> _Aim of the task_: Copy the following data exactly and drop the pictures.

> _Information provided_:
────────────────

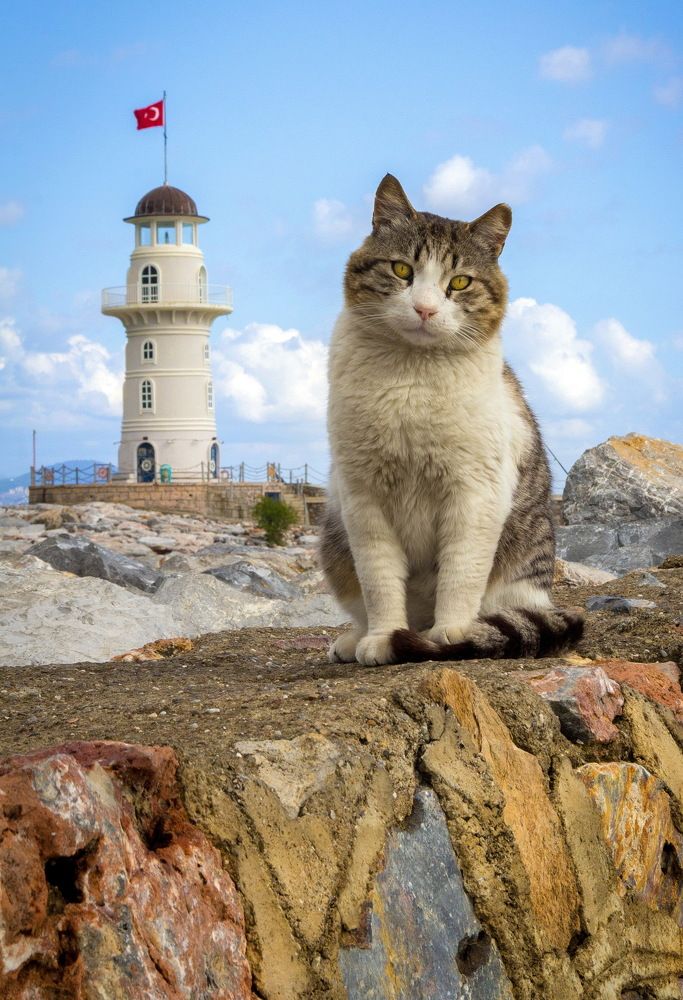 Смотритель маяка.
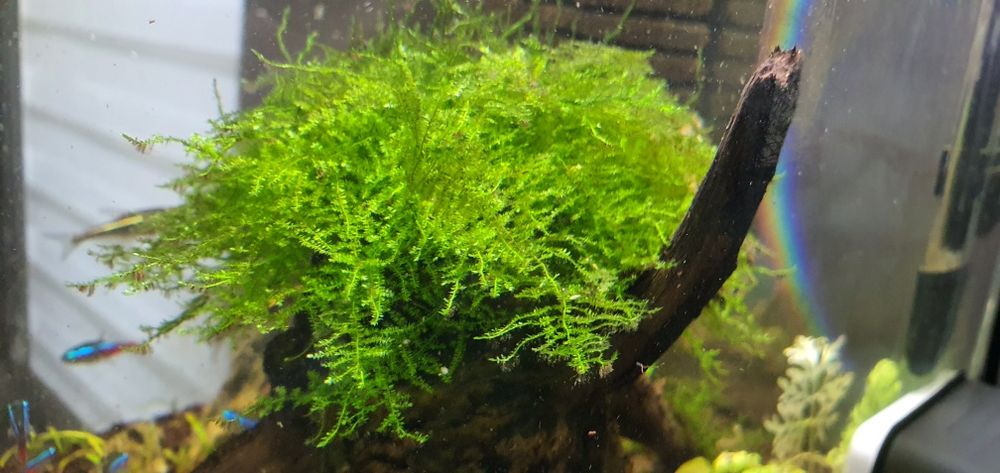 Mech akwariowy pnący porcje wysyłka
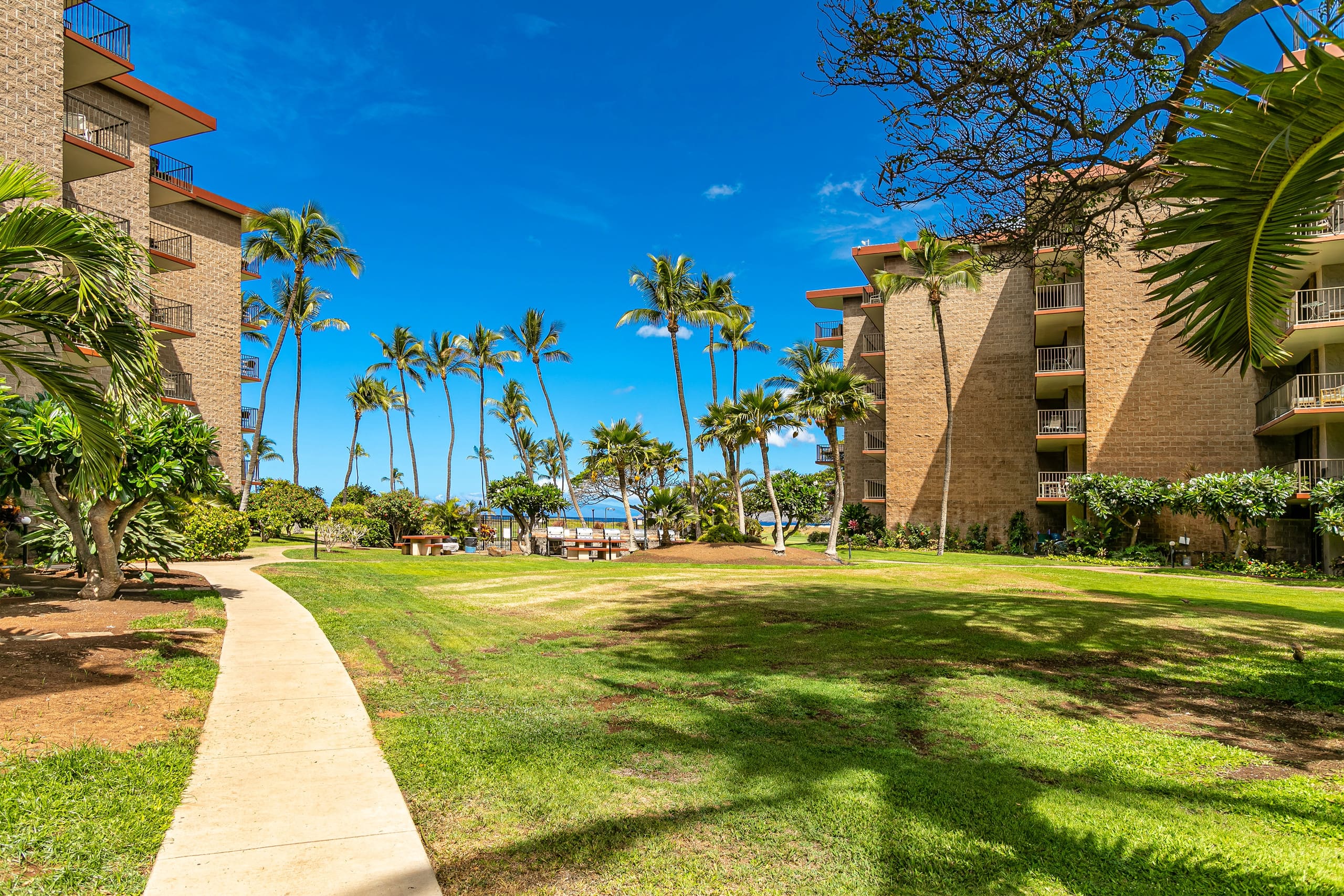 Condo in Kihei · ★4.67 · 1 bedroom · 2 beds · 1 shared bath - Image 6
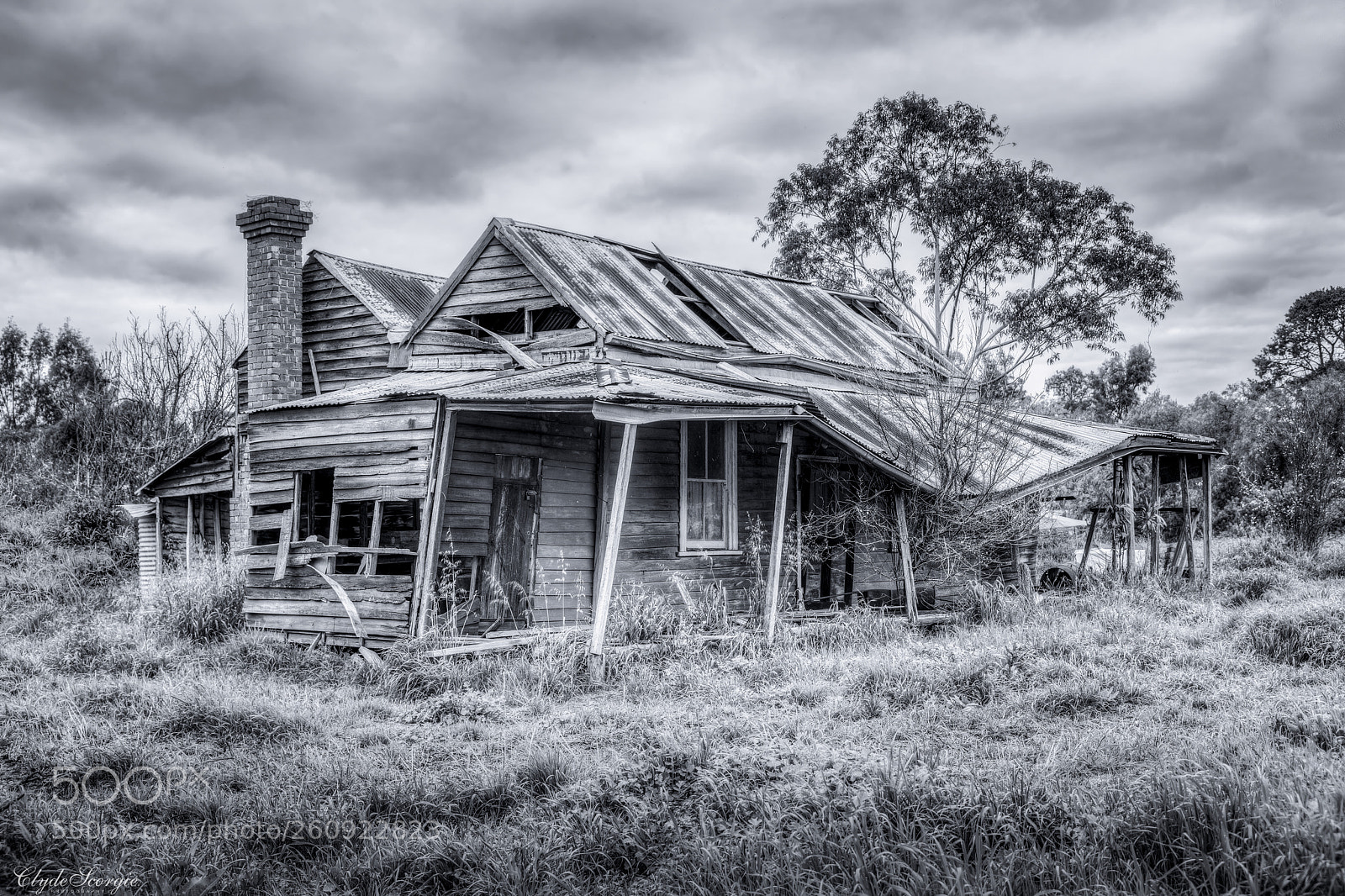 Nikon D810 sample photo. Seen better days photography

────────────────

> _Your response_:
 Смотритель маяка.
 Mech akwariowy pnący porcje wysyłka
 Condo in Kihei · ★4.67 · 1 bedroom · 2 beds · 1 shared bath - Image 6
 Nikon D810 sample photo. Seen better days photography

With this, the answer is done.